2024-01-23 09:56 AM
Hopefully this is more of a sensible non-noob question, it relates to interrupt handling, in my case a simple USART receive interrupt.
I can see how the CubeMX tool is managing the .c file, its created an interrupt handler, for me to insert my code, thats easy. I can detect the interrupt and spit out a short string in response, so its working - all good.
The question I have is, what can I do inside that ISR safely. Do I need to preserve any registers. My aim is to throw anything I receive into a ring buffer of some form, with a view to building a received packet of data. At some point I will need to pick up each completed packet from a list. In order to do that I will possibly need to allocate some memory, and it would be useful if I do not have to put the whole implementation of that ISR in the file that is being auto-generated, so would be handy to also be able to call a function where I can contain the implementation of the ISR in its own compilation unit.

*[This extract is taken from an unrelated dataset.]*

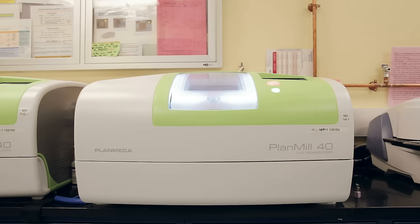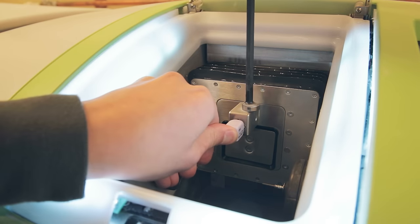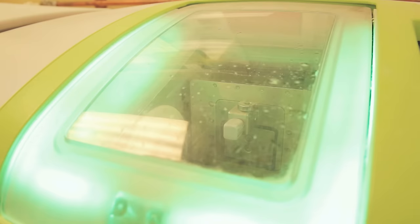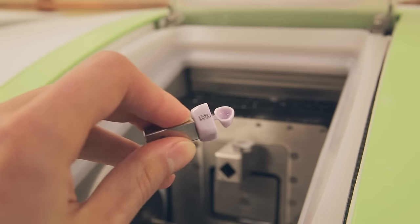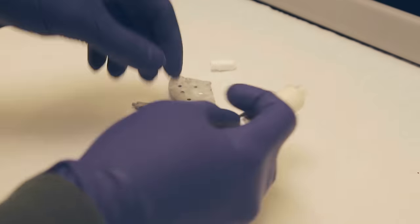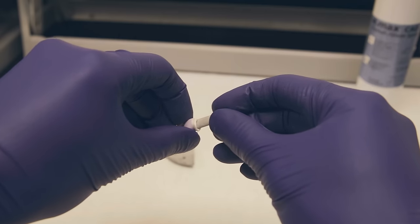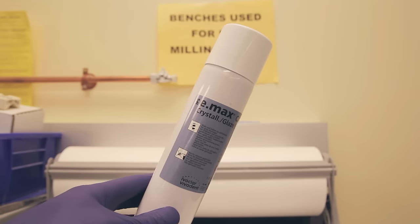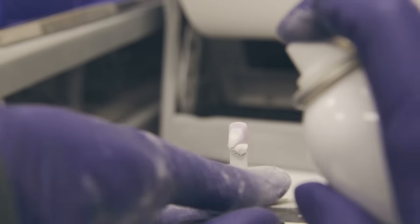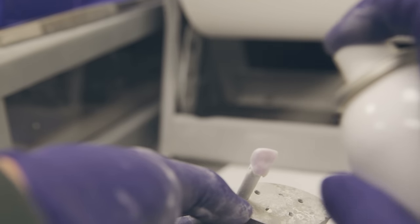The design will now be sent to the mill. The Emax block should be firmly secured into the mill in the appropriate orientation indicated in the PlanScan software. Once the crown is done milling, remove the sprue with a handpiece and inject some object fix into the intaglio surface. Place the crystallization pin into the object fix and glaze the crown with Emax glaze spray until the crown is frosty in appearance. Alternatively, a rubber polisher can be used to give the crown a nice shine after it has been baked.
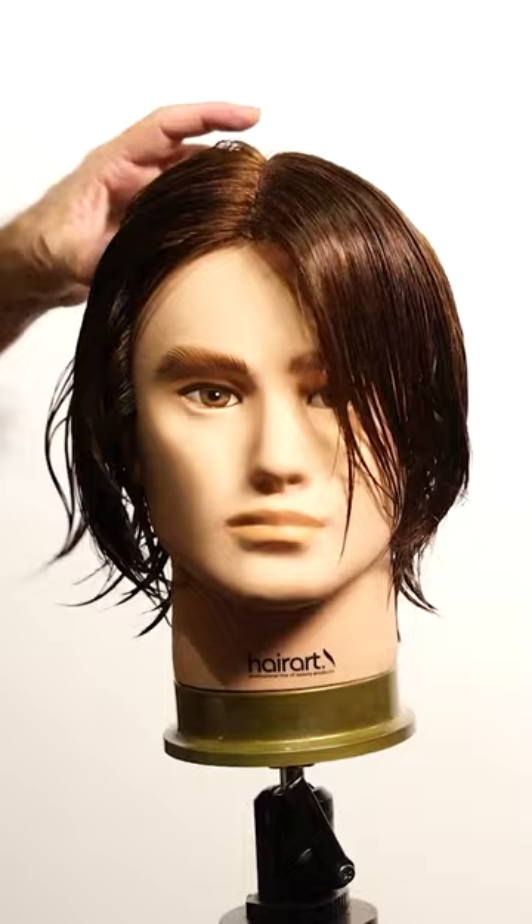Here you have Ayanokoji! To prepare the hair, I will create an oval section to separate the perimeter from the interior part of it. This weight line will divide the graduation on the perimeter with the incremental layers on the top of the head.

One other question is that of controlling interrupts. At some point, I would have a packet of data in a buffer somewhere that I would access from the main loop of the code. In order for me to safely access that packet from the receive buffer, I would need to first, stop/pause/prevent the next interrupt from interrupting me. On x86 architecture this is quite tricky as you have to rely on the atomic behaviour of specific instructions, and prevent the interrupt in a way that, should an interrupt occur while getting the data safely from the buffer, the interrupt controller will hold/queue that interrupt until the interrupts are re-enabled.
What is the right semantics for doing this on the STM32 platform?
As ever, any help at all much appreciated.
Gerry
2024-01-31 06:49 AM
First hit on google for "does cortex m4 save registers on isr entry" explains that yes, it does in fact save registers on isr entry. The second and third hits also state the same thing.
https://www.embedded.com/programming-embedded-systems-how-interrupts-work-in-arm-cortex-m/
2024-01-31 07:27 AM
As every, very helpful. That is actually a great tutorial series... bookmarked for consumption, thank you for the link.
A couple of videos on is this one covering the read-modify-write race condition I was referring to, and provides the answer in the form of using a processor intrinsic to disable interrupts around the critical sections of code, that is exactly what I was looking for - brilliant!